As we want to offer a system where people can create their own website, we also need to offer them a very easy way to setup their own domain name for their website.
This requires a dynamic name server such as bind9 with the nsupdate tool.
Note that first, we can create a new website using a sub-domain name from a main domain used to run the system as a whole (as you see in many blog services). However, even that requires a dynamic DNS.
nsupdate can be used by one of our backend to do that part of the setup. We certainly want to make use of a specific plugin to do the work, hence this entry.
The plugin will handle the end user setup of the domain name (i.e. whether to use "www" or not and whether to understand the "w", "ww", and "wwww".) It can also allow for other sub-domains to be used to send users to specific places on their website.

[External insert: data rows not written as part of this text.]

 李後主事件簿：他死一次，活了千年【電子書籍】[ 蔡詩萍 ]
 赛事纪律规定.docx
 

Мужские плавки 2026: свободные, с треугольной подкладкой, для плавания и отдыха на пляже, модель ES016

In order to support more incoming requests, we want to use multiple front end computers. Each one of these can be pretty small (i.e. pretty cheap) and the DNS can offer a simple cyclic IP address feature as offered by bind. In order to get that to work, we just need to give each name once per front end IP address. For example, say we use computers 192.168.0.1 to 192.168.0.3, we would have the following records:
www 1 IN A 192.168.0.1 www 1 IN A 192.168.0.2 www 1 IN A 192.168.0.3
Note: the 1 represents the time to live of that name. We suggest a rather small number, but we have not tested that feature thoroughly yet. A "much" larger amount such as 300 may be wiser since a DNS access can also be slow and have so many all the time may be much worse than having many hits from one client on the same computer.

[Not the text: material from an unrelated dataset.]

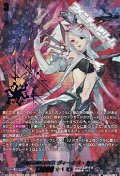 【SEC】銀の茨の竜女皇 ヴィーナス・ルキエ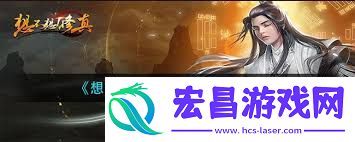 修真对弈天道如何操作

The DNS will then cycle through those 3 IP addresses so each client request can be given a different IP address and hopefully distribute the load among all your computers.
This is certainly the easiest way to handle load. The other method is to use a load balancer. However, on a cloud system where local connections have to be encrypted using a VPN, a load balancer may actually itself kill your performance (without the VPN, you'd definitively be fine!)
Under Linux, you can use HAProxy. It is used by many large websites in the world and is quite robust. It is also going to take you a little bit of time to set it up compared to load distribution.
It is important to note that this causes problems. Domain names are used to find the data in the Cassandra database. So changing the name changes all the keys of an existing website. However, we can setup a website with an internal redirect to palliate to the immediate problem.
For example, one could give a name to their website such as "my-website". This would become a domain name such as "my-website.snap.website". That means all the pages will be found with that fully qualified domain name. Now the user purchases his own domain name such as "best.club" and wants to now change his website domain to use "best.club". With the internal redirect feature, the domain "best.club" is first changed to "my-website.snap.website" then the process starts with that "old" sub-domain. One problem with that, though, if some plugins generate fully qualified URLs, it will certainly include the domain name and thus users will be redirected to "my-website.snap.website". This is a problem in the long term.
A possible solution is to offer the owner to make the existing website (my-website.snap.website) read-only while copying the site to the new domain (best.club). Once converted, we change the access URL to the new domain and add a full redirect from the old domain to the new one. So if someone goes to my-website.snap.website, we automatically redirect them to best.club.